**Exercise directions**.
The answer must consist solely of the lines from the start of the records through the line containing "Tea Party by Claire Huntley", restated word for word, with no pictures.

**Data listing**.

Segment Open

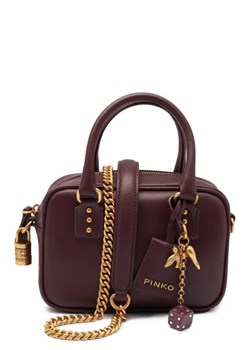 Pinko Skórzana torebka na ramię BOWLING ze sklepu Gomez Fashion Store w kategorii Listonoszki - zdjęcie 172748547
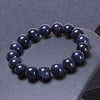 Blue Sandstone Bracelet — Polished Natural Stone Beads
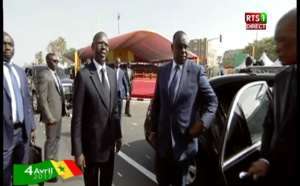 Vidéo - Direct du 04 Avril: Arrivée du Président Macky Sall à la Place de la Nation...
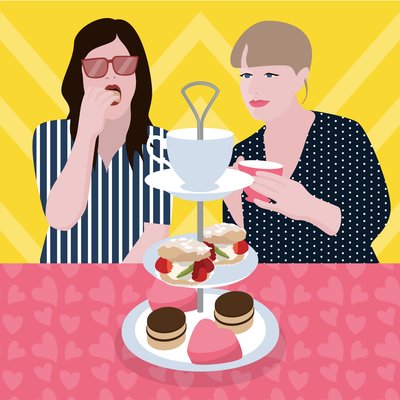 Tea Party by Claire Huntley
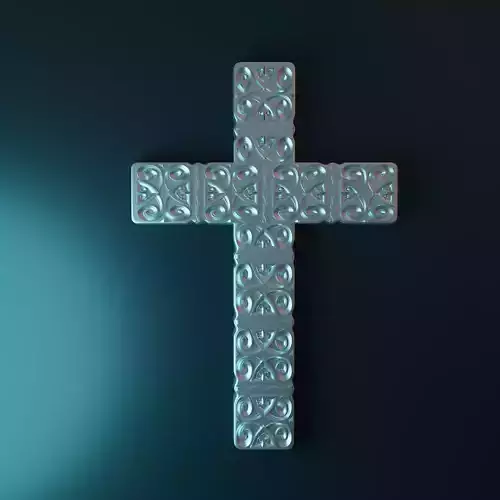 3D Model STL file for CNC router Wall CROSS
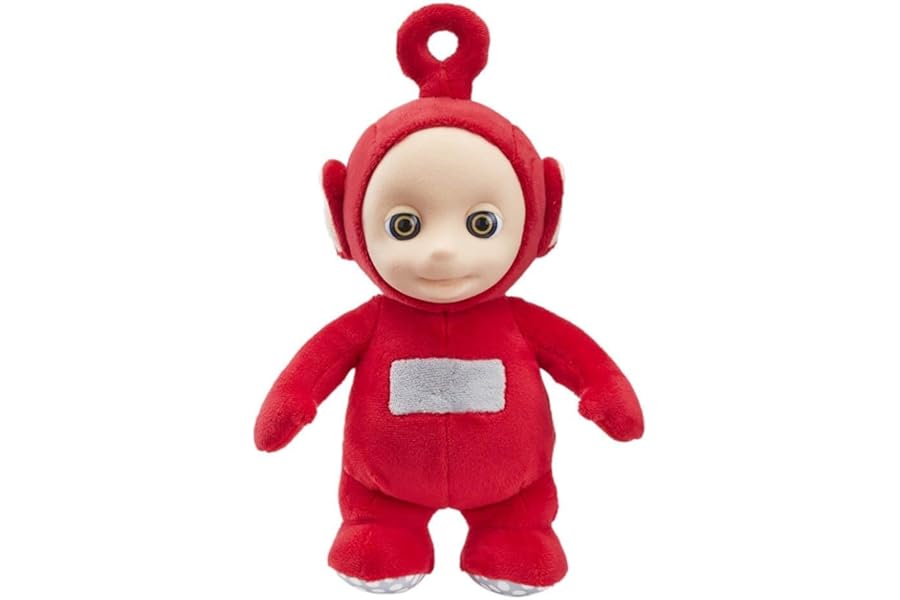Character Uk Teletubbies 8 Inch Talking Po Soft Toy, Red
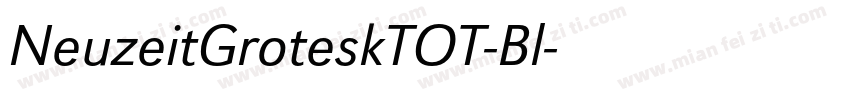 NeuzeitGroteskTOT-Bl字体转换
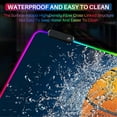 thumbnail image 5 of XL Led Gaming Mouse Pad with 14 Light Modes - Light Up Gamer Mouse Pad,31.5 x 11.8in Non-Slip Gamepad Style RGB Large Gamer Mousepad,Black Long Glowing Gaming Accessories for Desk,Waterproof, 5 of 7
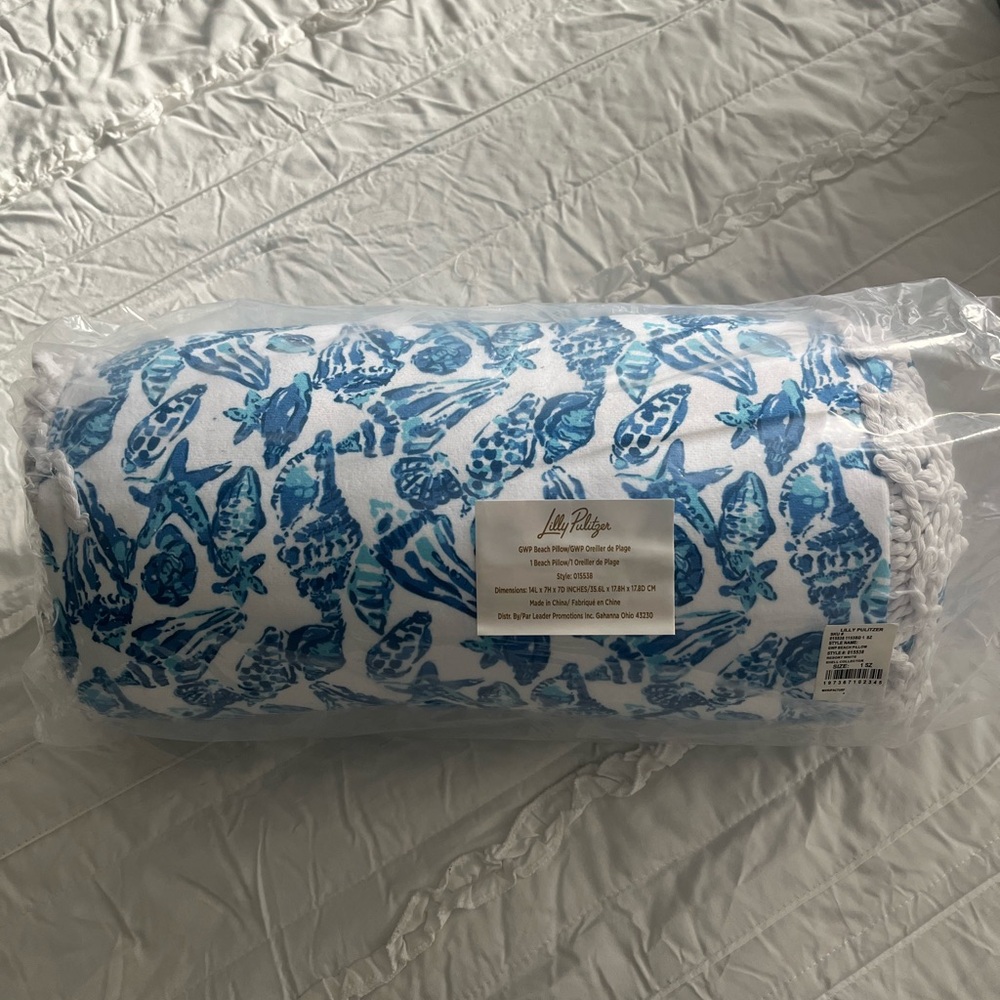 Lily Pulitzer outside pillow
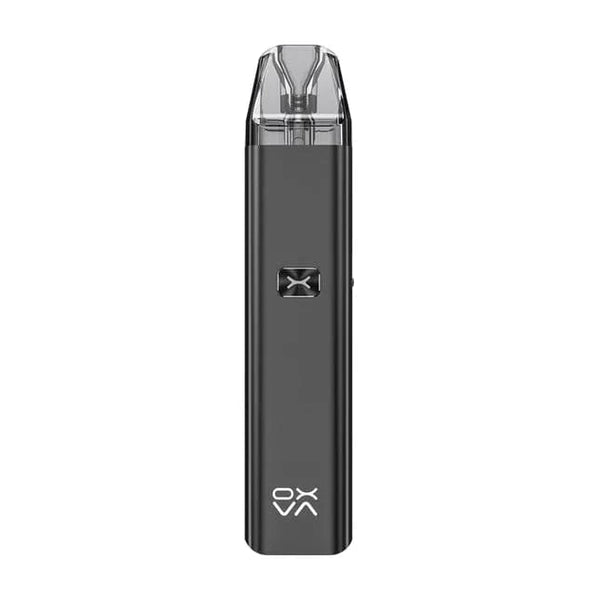 OXVA XLIM C 25W Pod System hardware showing compact design with sleek black finish and integrated mouthpiece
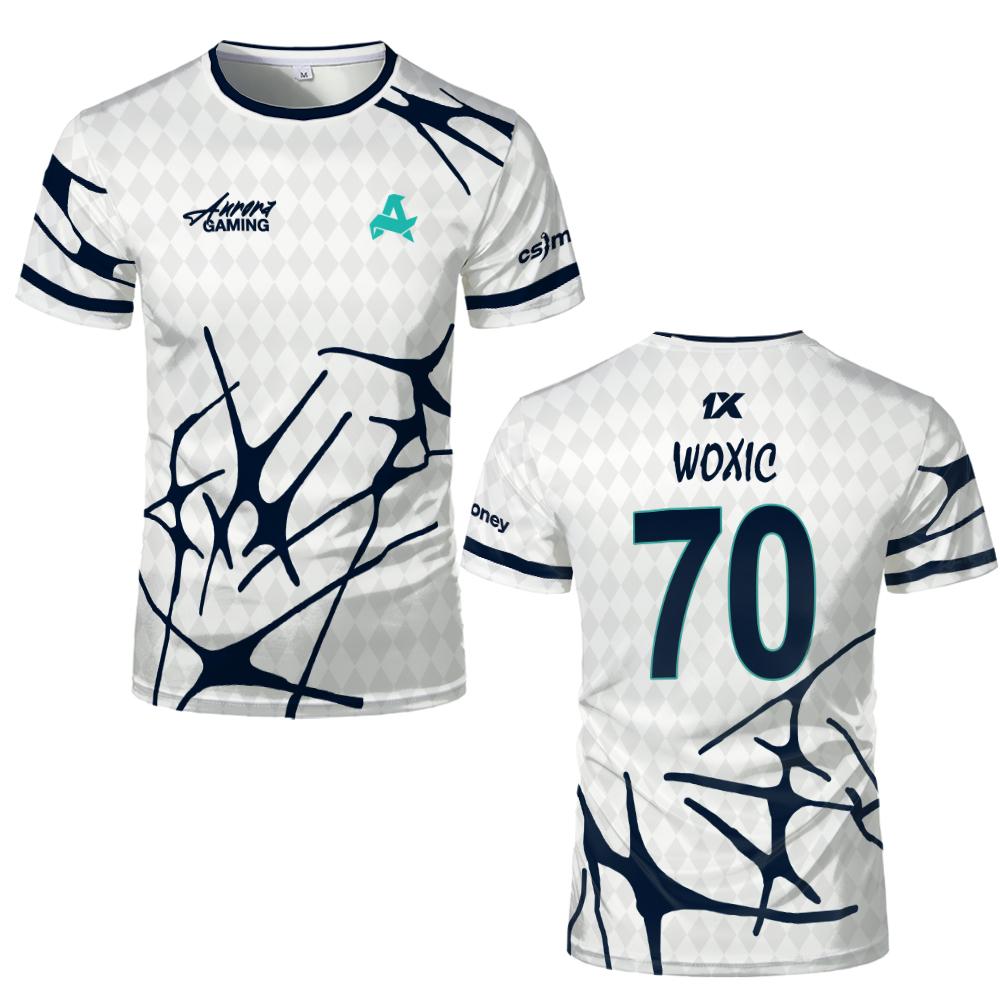 Equipe de esportes Aurora Gami - Custom Esports Gaming Jersey avaliação e preço
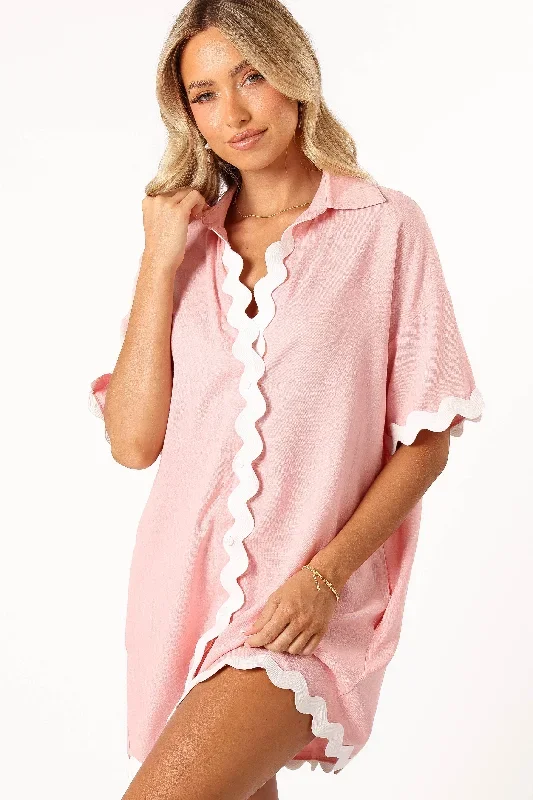 Zoe Mini Dress - Pink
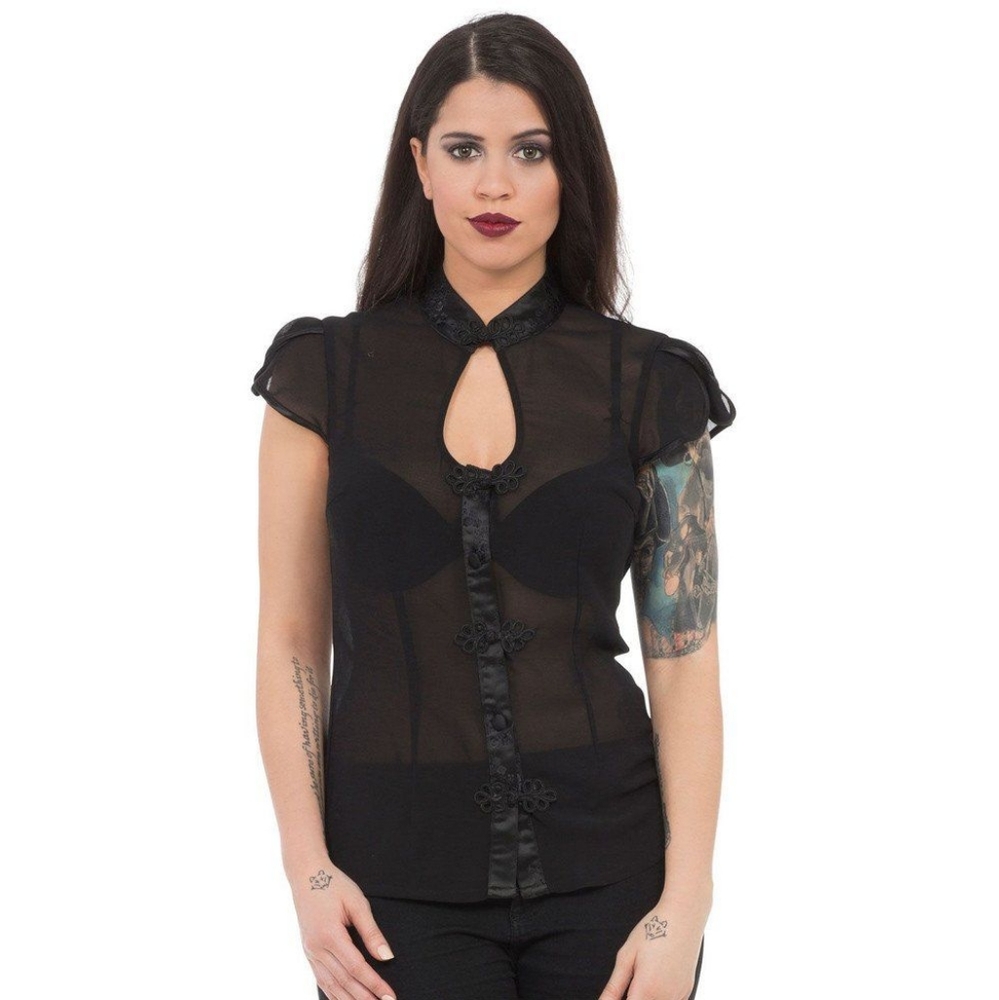 Black Sheer Gothic Blouse
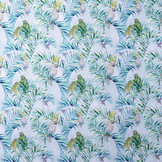 100% Digital Cotton Parrots Hummingbird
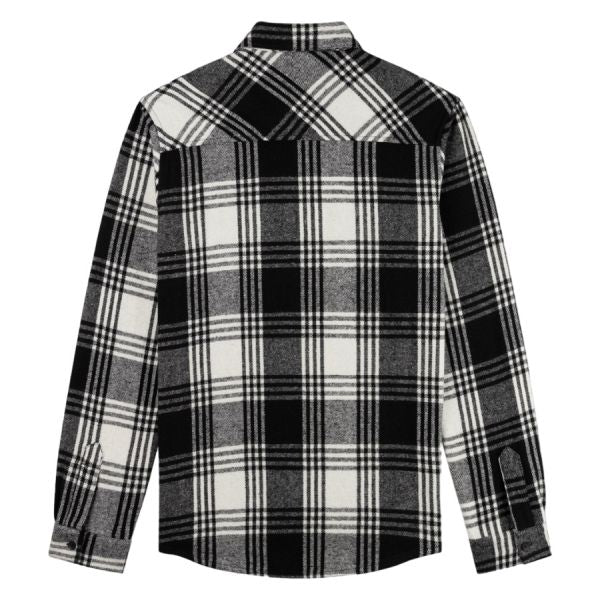Croyez zipped flannel overhemd zwart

Segment Closed

**Solution**.
 Pinko Skórzana torebka na ramię BOWLING ze sklepu Gomez Fashion Store w kategorii Listonoszki - zdjęcie 172748547
 Blue Sandstone Bracelet — Polished Natural Stone Beads
 Vidéo - Direct du 04 Avril: Arrivée du Président Macky Sall à la Place de la Nation...
 Tea Party by Claire Huntley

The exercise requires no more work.